Children’s Safe Harbor share tips for preventing child sexual abuse
While it may be an uncomfortable topic, taking steps to prevent child sexual abuse is an important part of protecting children. Victoria J. Constance, MSPH, Ph.D., Executive Director of Children’s Safe Harbor, shares these tips:
- Know that sexual abuse is more common than people think. Approximately 1 in 10 children will be sexually abused by the time they turn 18. It can happen to both boys and girls of all ages, races, ethnicities, and family backgrounds.
- Sexual abuse is usually committed by someone that the child knows and trusts -- often family members or close family friends.
- Teach your child the correct names for body parts which parts are “private” and that other people should not touch or see. People who abuse children often ask them to keep secrets; teach your child that they should never keep secrets from their parents/caregivers.
- Most sexual abuse occurs when a child is alone with an adult or older child. Consider minimizing these situations. Choose group activities or activities in public places when possible. Drop in unannounced when other people are caring for your child.

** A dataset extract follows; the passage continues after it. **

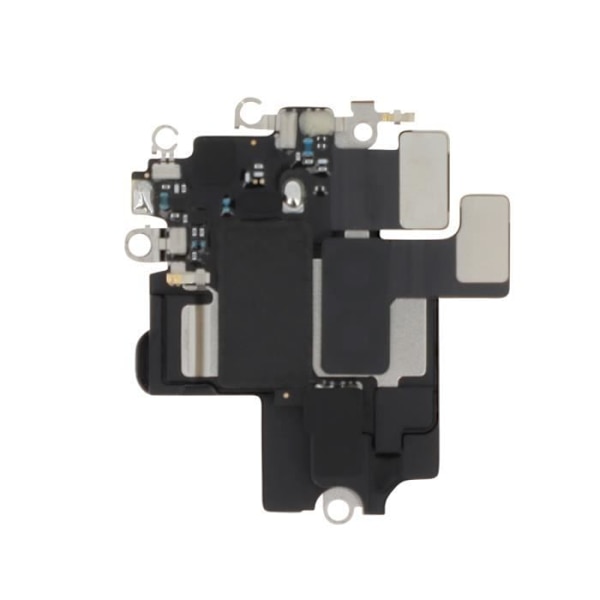 Ersättningshögtalare AVIZAR för Apple iPhone 15 - Svart - CE RoHS-certifierad Svart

- Teach your child about online predators. Instruct them not to give out personal information or exchange photos. Teach your child that they should never take photos of their private parts. Monitor your child's Internet use and apply parental controls.
- If a child discloses that abuse has occurred, listen in a calm and supportive way. Always report the abuse. If you suspect a child is in immediate danger, call 911 or Children’s Safe Harbor at 936.756.4644.
Children’s Safe Harbor’s mission is to protect and enhance the life of every child who has the courage to battle sexual or severe physical abuse. In 2019, there were 2,615 courageous children who came forward to discuss their experiences with childhood trauma and abuse.